Task item: Pictures aside, quote the whole listing exactly.

Records to process:
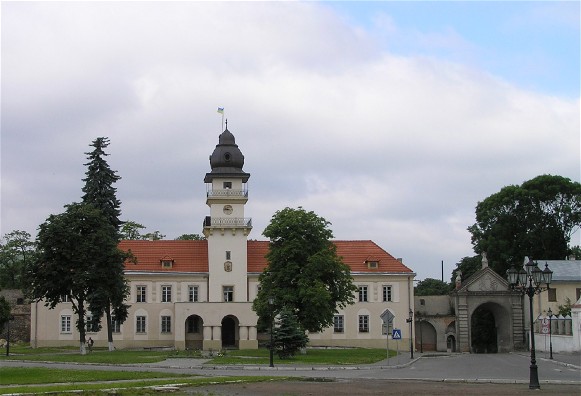 Image - The town hall in Zhovkva, Lviv oblast.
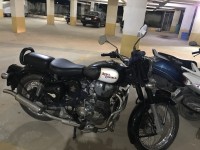 Black Royal Enfield Classic 500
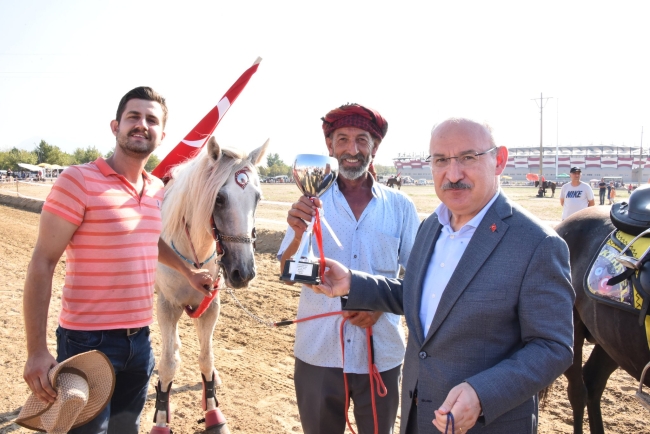 Manisa'da "Geleneksel Rahvan At Yarışları" yapıldı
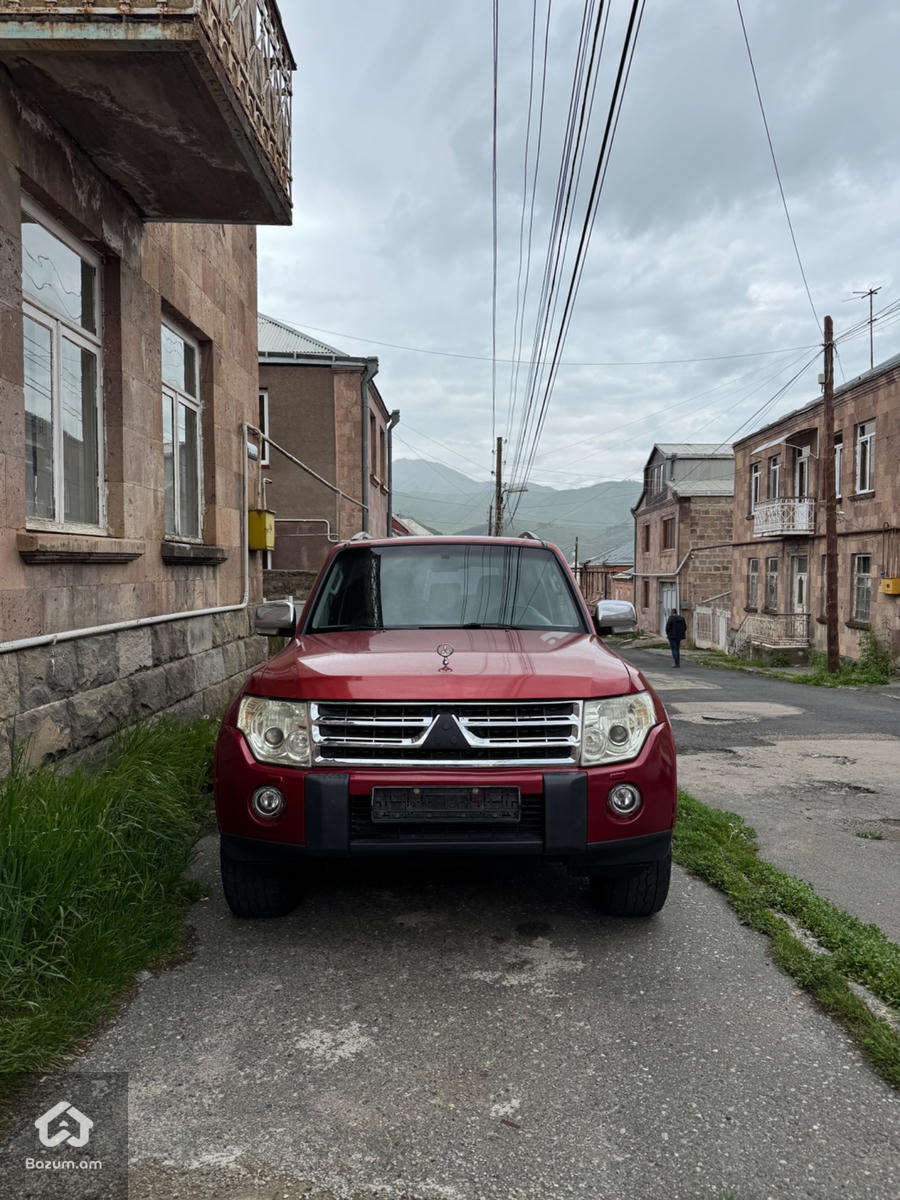 Mitsubishi Pajero - image 2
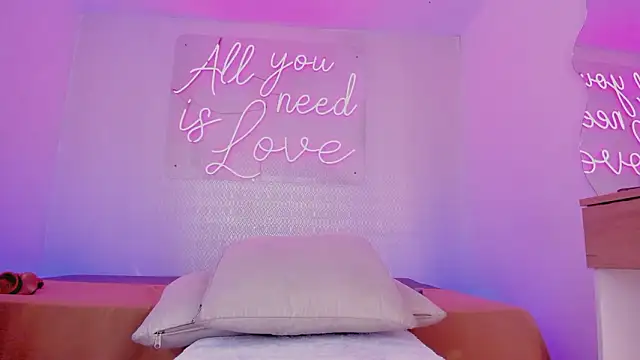 aleksandramiller  online show from March 11, 4:31 pm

Solution to this problem:
 Image - The town hall in Zhovkva, Lviv oblast.
 Black Royal Enfield Classic 500
 Manisa'da "Geleneksel Rahvan At Yarışları" yapıldı
 Mitsubishi Pajero - image 2
 aleksandramiller  online show from March 11, 4:31 pm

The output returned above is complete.